I bet its awesome to live so close to them.  They are making a real housewives of houston next and I cannot wait to see who they pick out.


----------



## iaisha26 (Jun 22, 2010)

LOL...that was too funny...and Kim G with a thong on. I can't even be mad at them. One can only hope to still be dropping (or at the very least trying to) like it's hot when I'm pushing 60 y/o.

Danille is punkers! I love every minute of her messyness.

 Quote:

   Originally Posted by *Lauren1981* 

 
_yeah i heard that about teresa. i love jersey though. how ridiculous was danielle on the stripper pole all dramatic and sh*t ..... "engage. and THEN suggest." HAHAHAHAHAHA!!!_


----------



## MzzRach (Jun 22, 2010)

This show is such a guilty pleasure.  I don't mean to watch, but it just sucks me in.

Danielle is a hot mess.

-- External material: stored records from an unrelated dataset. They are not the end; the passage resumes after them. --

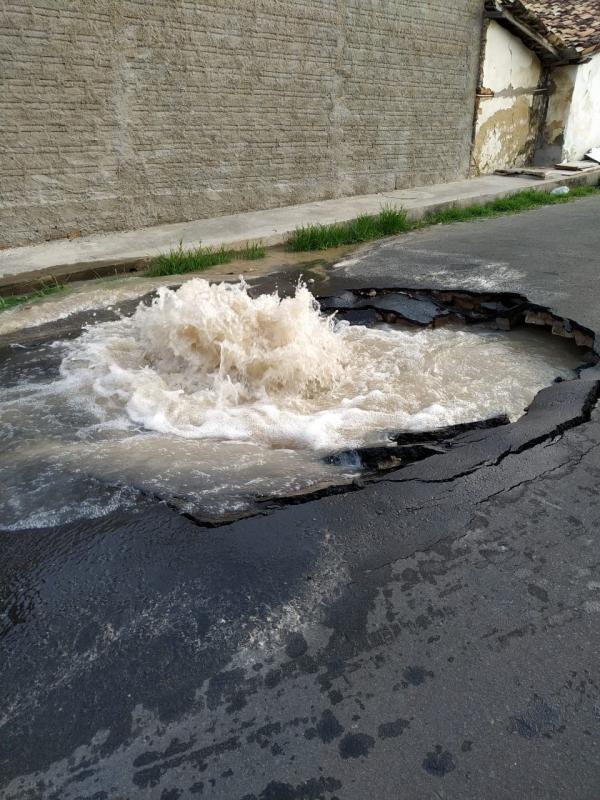 Vazamento de água no bairro Caixa DÁgua(Imagem:Divulgação)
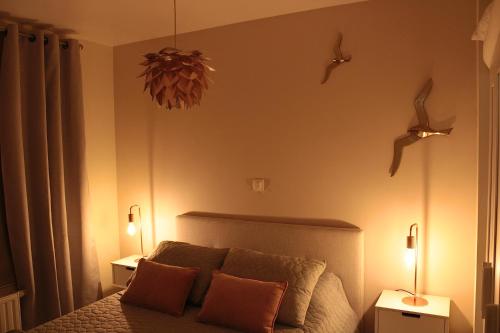 科克赛德Lucaya的一间卧室配有一张带两个灯的床
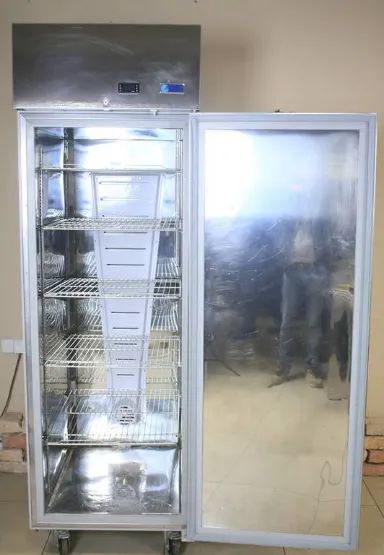 ISA LABOR FREEZER VERTICAL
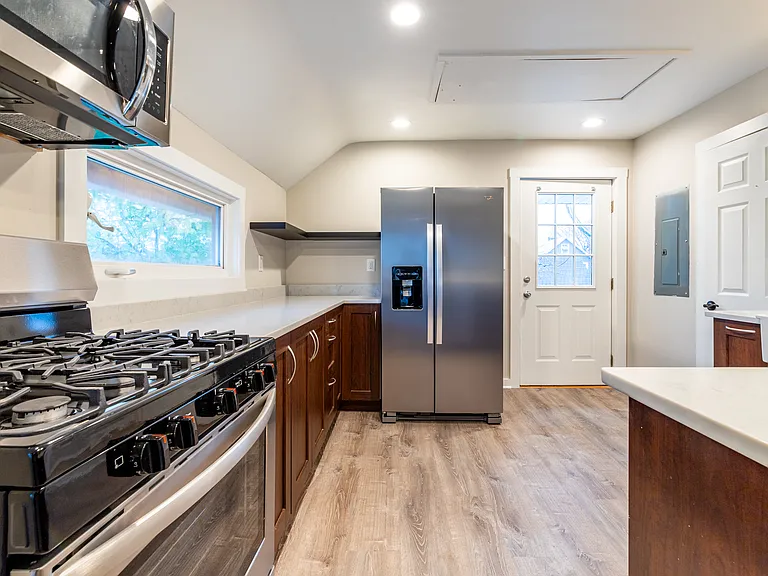 908 Fruit Ave #UP — Photo 18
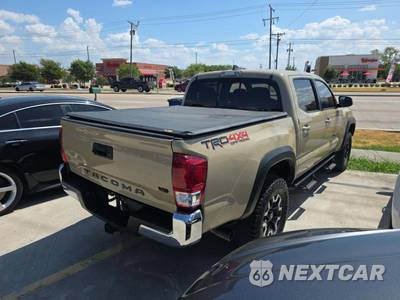 2017 Toyota Tacoma TRD Off-Road Crew Cab Medium Bed - zdjęcie 3 z 27 - miniatura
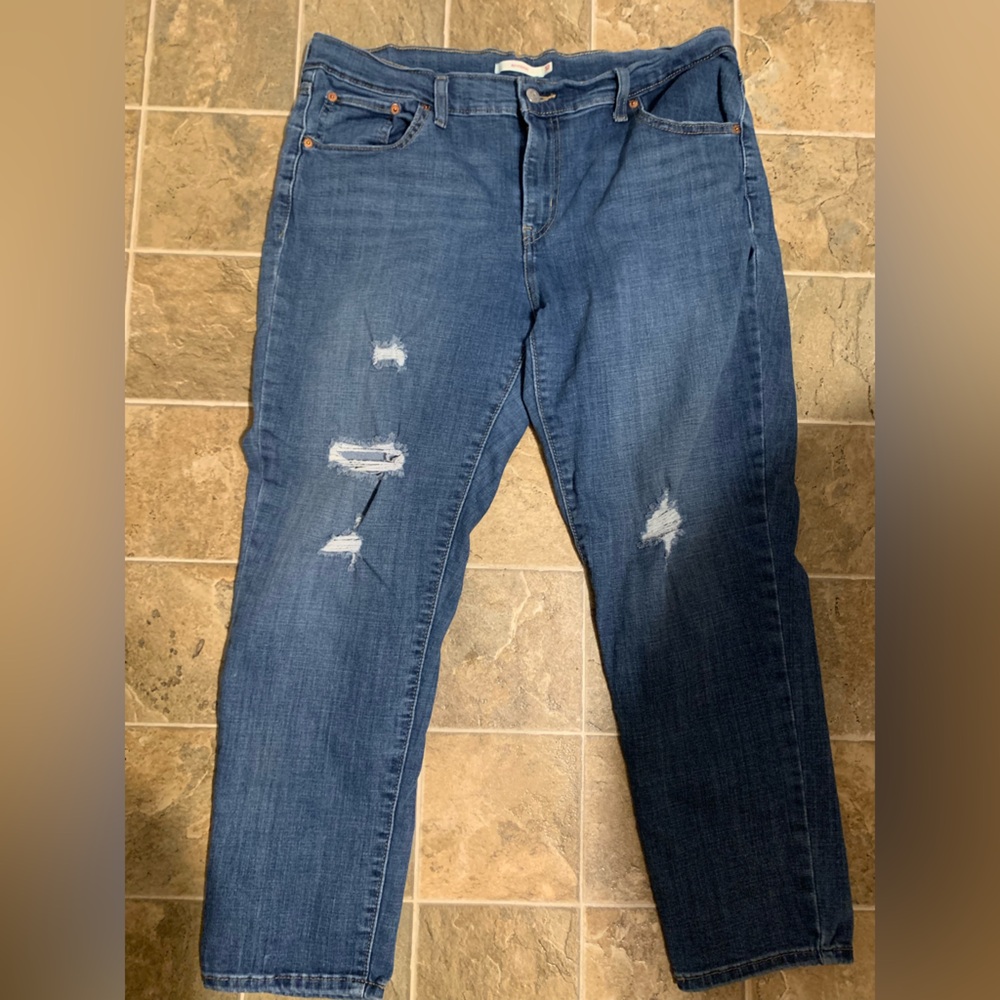 Levi’s Boyfriend Fit 32 Waist Medium Wash Distressed Jeans 14 12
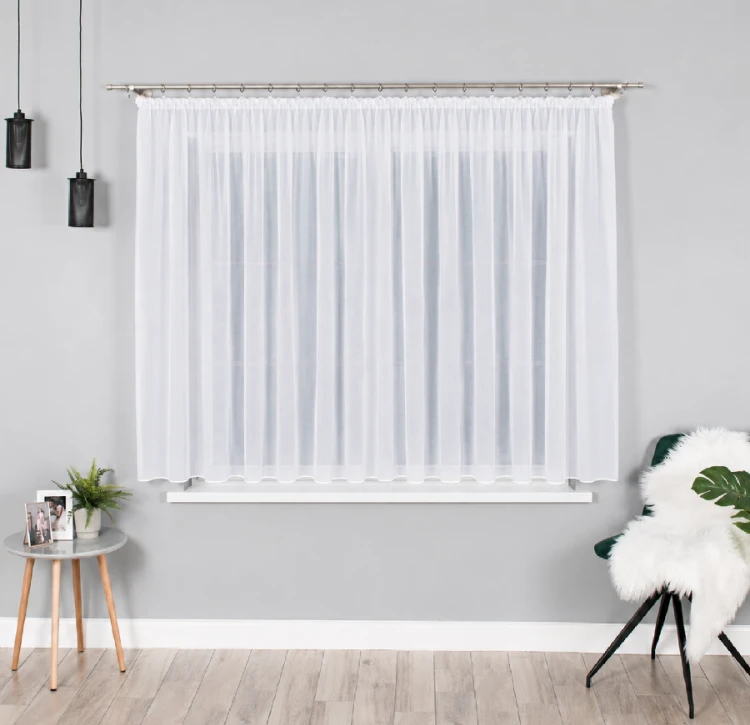 biala-firana-z-woalu-gladkiego-na-tasmie-smok-szer.400-wys.150cm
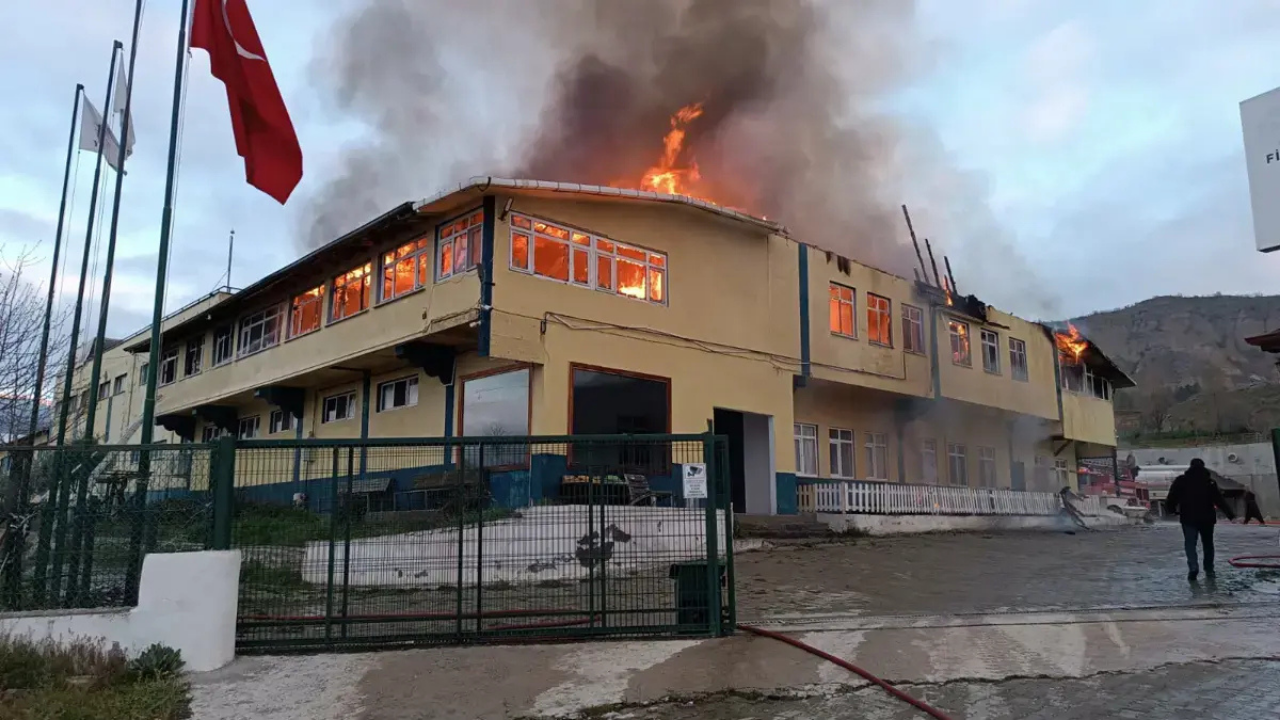 Kastamonu'da korkutan fabrika yangını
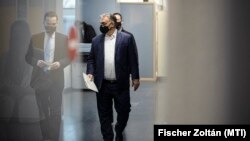 Orbán Viktor miniszterelnök és Havasi Bertalan, a Miniszterelnöki Sajtóiroda vezetője érkezik a Kossuth Rádióba, Orbán rendszeres, péntek reggeli közrádiós tájékoztatására. 2021. március 5.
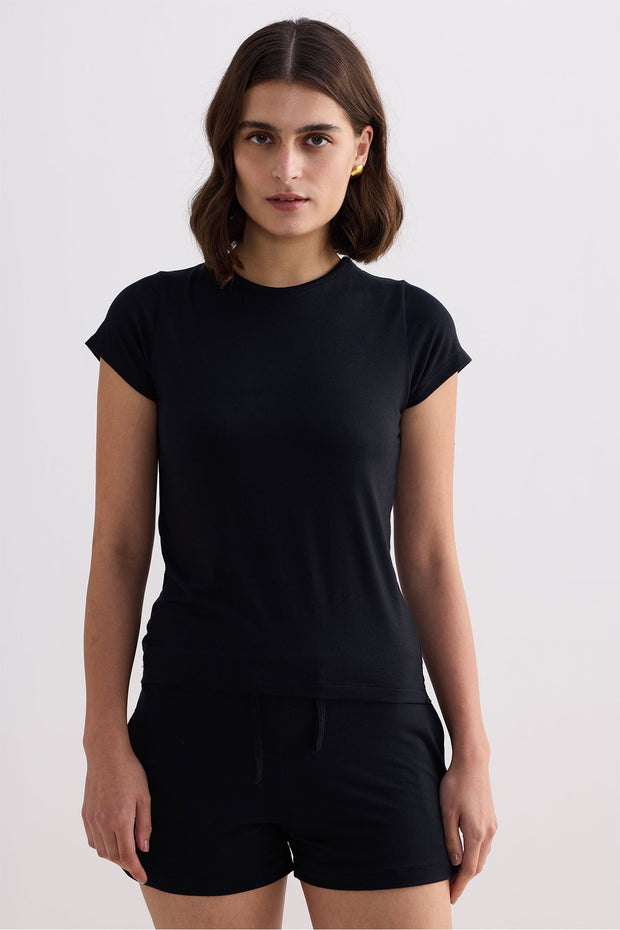 Essential Short Sleeve Tee In Black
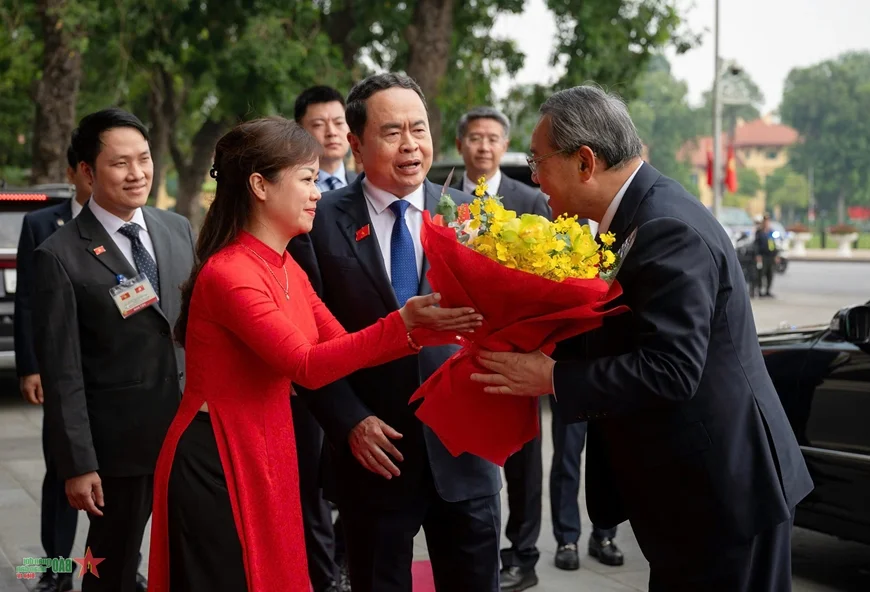 Chairman of the National Assembly Tran Thanh Man Meets with Chinese Premier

And crazy.  At least she seems to be.


----------



## Lauren1981 (Jun 22, 2010)

Quote:

   Originally Posted by *hello_my_apple* 

 
_it's actually 11 million bucks lol. now she wants to get bailed out._

 
how the hell did she get that far into debt?? what exactly does she and joe do??  i always felt danielle was shady and full of shit.  felt a little bad for her with the book but that faded fast because i feel she encouraged that drama just as much as the other girls did.

but how f*cked up is kim g??!! i missed the end at teresa's party but did i hear kim g tell jaq that she was "obsessed" with danielle? wtf? that woman was in her house talking just as much shit! and yeah, kim g + stripper poles = 
	

	
	
		
		

		
		
	


	



that was so awkward to watch her trying to climb that pole.... lmao!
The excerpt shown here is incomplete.